Just below the $1 billion threshold, General Electric (GE) said in November it would pay $915 million for ServiceMax, which provides cloud support for field technicians. Investors included GE Capital, PTC (PTC) , Meritech Capital, Kleiner Perkins Caufield & Byers, (CRM) and others.

Non-tech money has come from China as well.

Chinese real estate and movie theater operator Dalian Wanda Group targeted highly valued private media companies in 2016. Dalian Wanda said in November that it would pay $1 billion for Dick Clark Productions, which produces the Golden Globe Awards, American Music Awards and Billboard Music Awards. In January, the company spent $3.5 billion to buy Jurassic World studio Legendary Entertainment.

Chinese private equity firm Orient Hontai Capital agreed in September to pay $1.4 billion for mobile ad startup AppLovin from investors, including Bright founder Eduardo Vivas, hedge fund manager John Burbank of Passport Capital; and Yahoo!

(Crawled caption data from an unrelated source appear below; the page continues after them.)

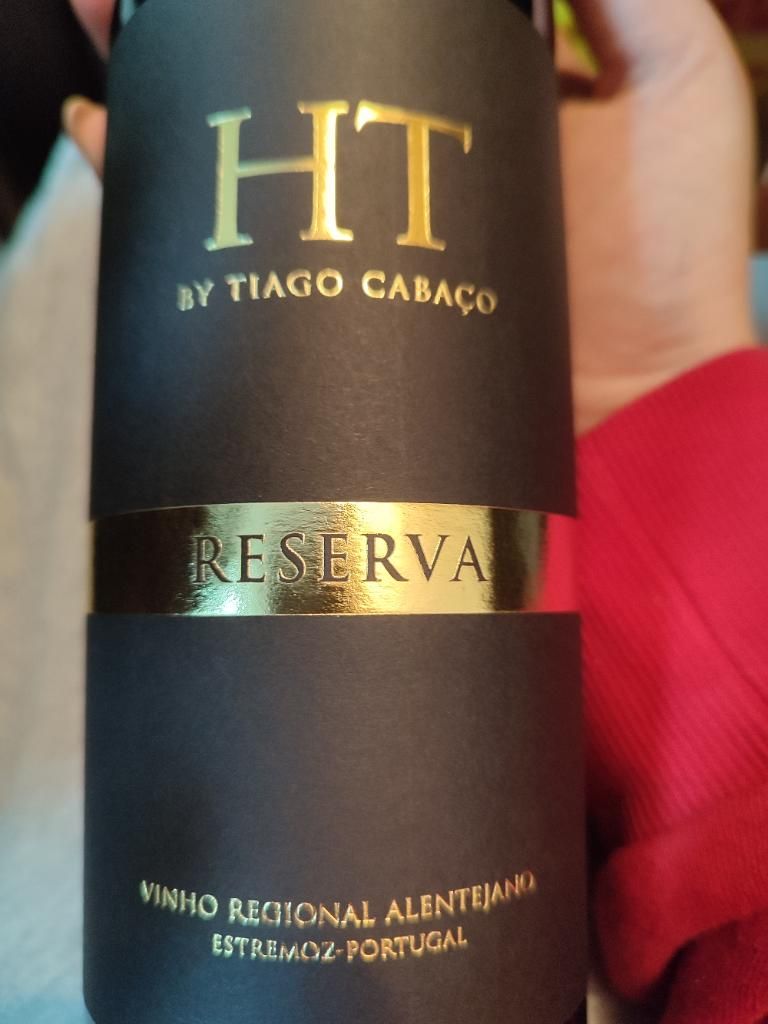 Regional Alentejano Reserva CellarTracker Tiago Cabaço Vinho HT 2015 -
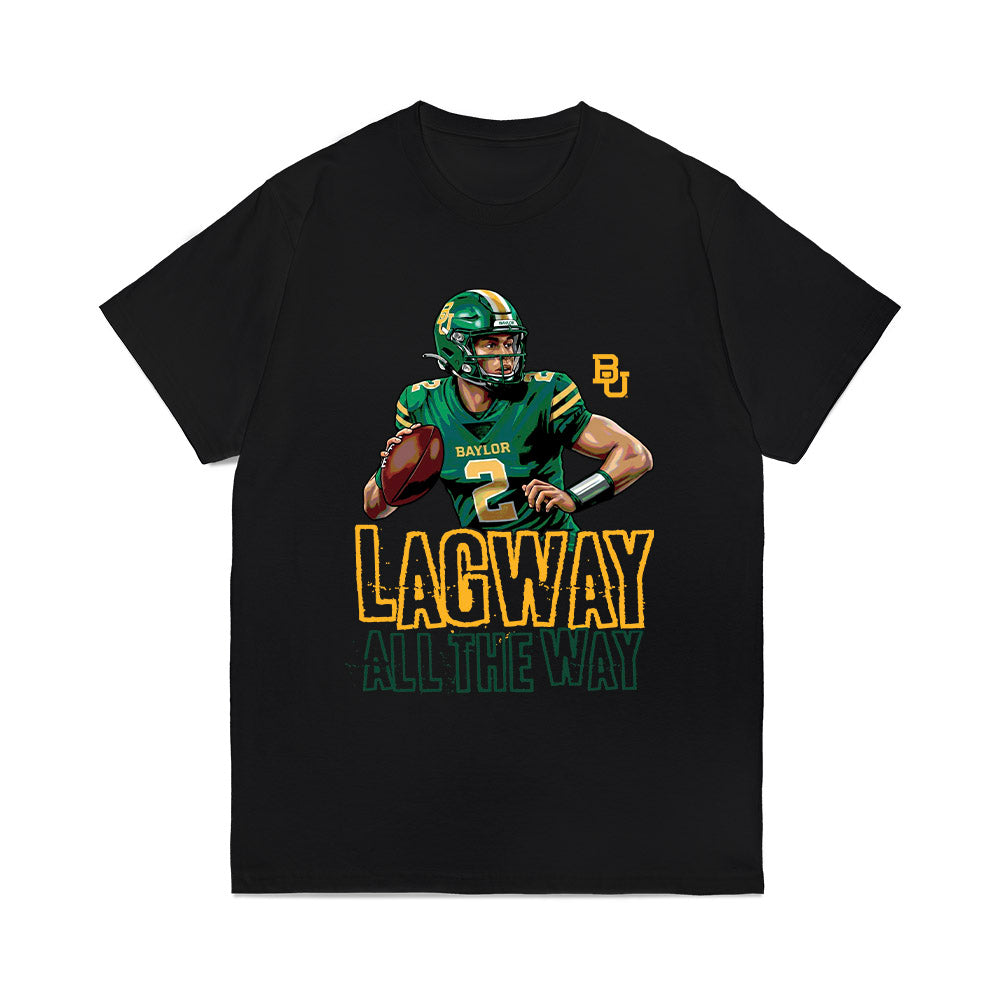 Baylor - NCAA Football : DJ Lagway - Lagway All The Way Comfort Colors T-Shirt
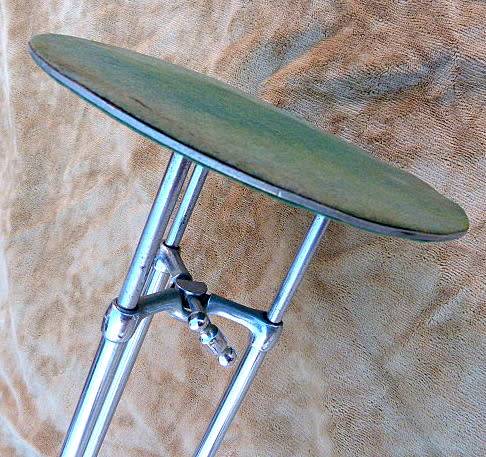 UNIQUE ART DECO SIDE TABLE / STAND, MEDICAL EQUIPMENT?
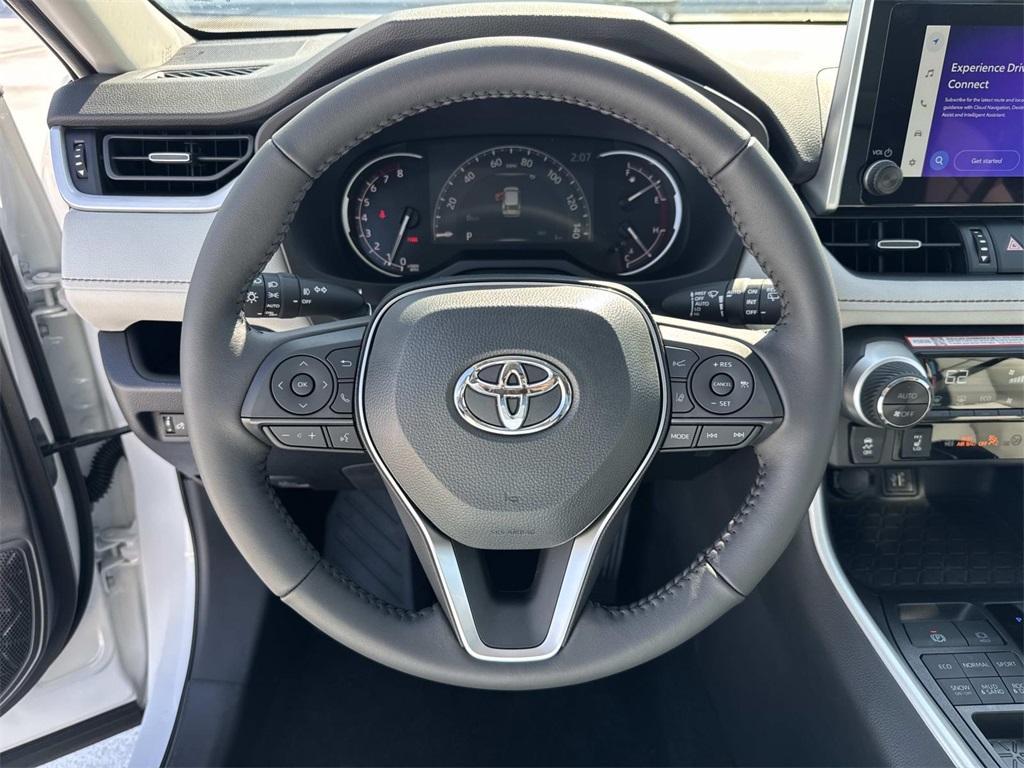 new 2025 Toyota RAV4 car, priced at $38,408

Chairman Maynard Webb's Webb Investment Network.

For its part, private equity wasactive in the market for more mature, public software companies in 2016. Vista Equity Partners agreed to buy network management software developer Infoblox (BLOX) for $1.6 billion in September, and purchased marketing automation company Marketo (MKTO) for nearly $1.8 billion in August and event management software group Cvent (CVT) for $1.5 billion in November.

Meanwhile, Thoma Bravo bought healthcare IT company Imprivata (IMPR) for $544 million in September following the $2.8 billion purchase of data analysis and visualization company Qlik Technologies (QLIK) in August. And Accel-KKR LLC paid $509 million for spending management software company SciQuest (SQI) in July.